▸ The problem
The reply should contain every line of the data, repeated exactly, and no pictures.

▸ Dataset extract
★ ★ ★ ★ ★
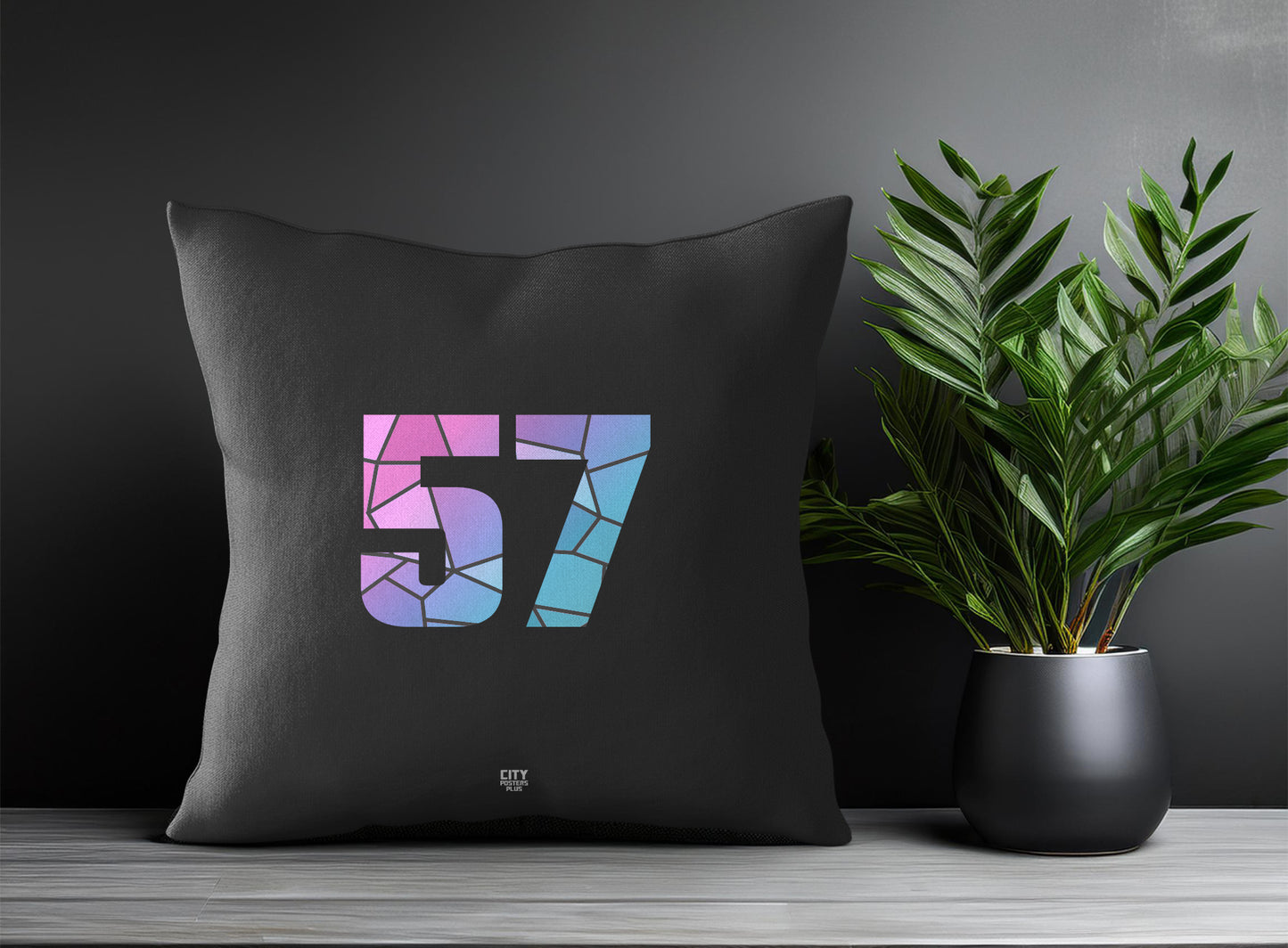 57 Number Pillow Case and Pillow Throw (Charcoal Grey)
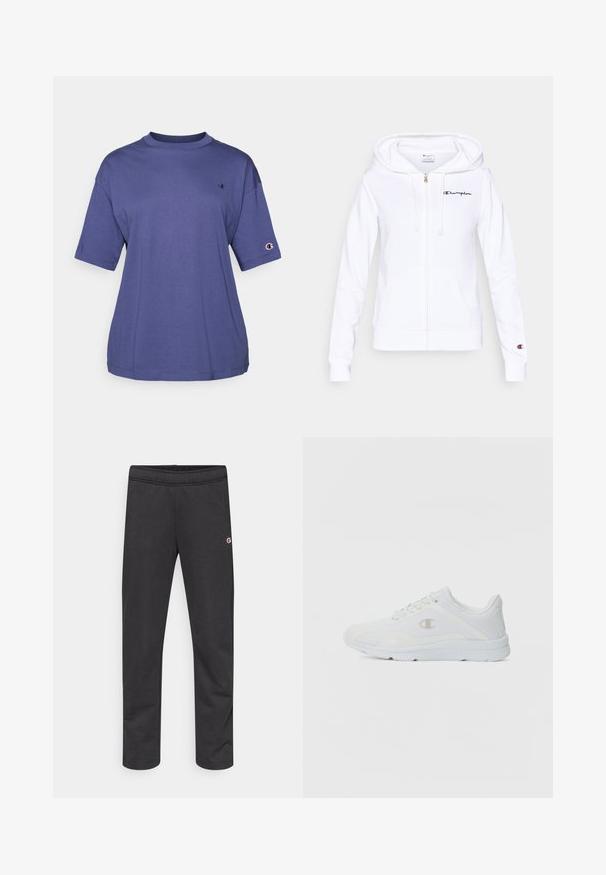 Sudadera con capucha blanca con cremallera, hecha de material suave, con bolsillo frontal, capucha con cordón y logotipo azul marino de Champion en el pecho izquierdo.; Camiseta de algodón morada de cuello redondo y manga corta, que presenta un pequeño logo en el pecho y un parche del logo en la manga.; Pantalones jogger de algodón negro con cintura elástica y un pequeño logo en el lateral. Textura suave, diseño entallado, sin patrones adicionales.; Zapatillas deportivas blancas con parte superior de malla texturizada, cuello acolchado y logo en contraste en el costado. Cuenta con una suela de goma ligera.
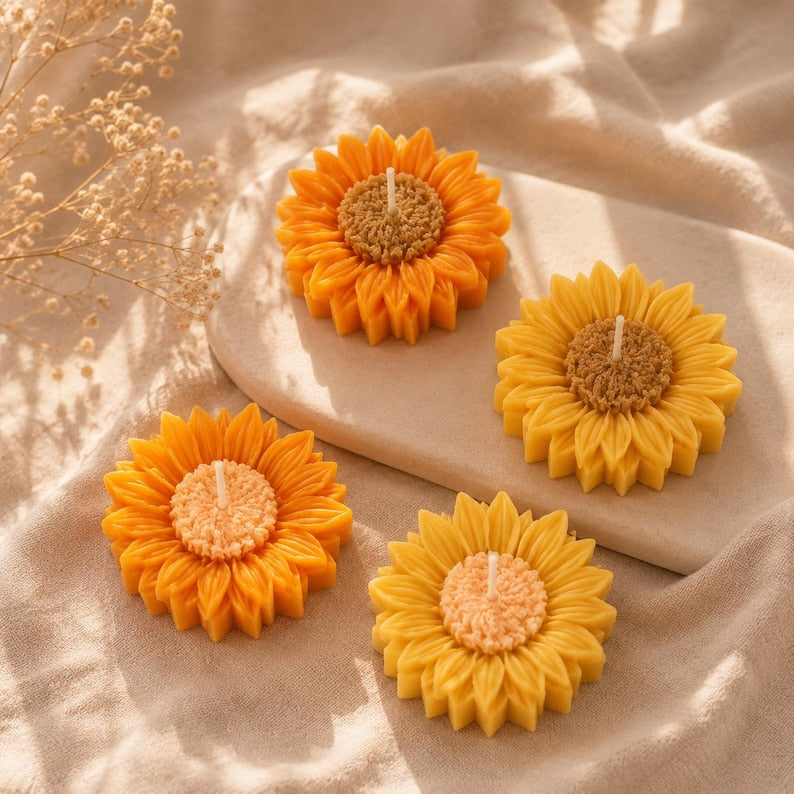 4er Set Sojawachs Sonnenblumen Kerzen, Schwimmkerzen, Sommerdeko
★ ★ ★ ★ ★
▸ Exercise solution
 57 Number Pillow Case and Pillow Throw (Charcoal Grey)
 Sudadera con capucha blanca con cremallera, hecha de material suave, con bolsillo frontal, capucha con cordón y logotipo azul marino de Champion en el pecho izquierdo.; Camiseta de algodón morada de cuello redondo y manga corta, que presenta un pequeño logo en el pecho y un parche del logo en la manga.; Pantalones jogger de algodón negro con cintura elástica y un pequeño logo en el lateral. Textura suave, diseño entallado, sin patrones adicionales.; Zapatillas deportivas blancas con parte superior de malla texturizada, cuello acolchado y logo en contraste en el costado. Cuenta con una suela de goma ligera.
 4er Set Sojawachs Sonnenblumen Kerzen, Schwimmkerzen, Sommerdeko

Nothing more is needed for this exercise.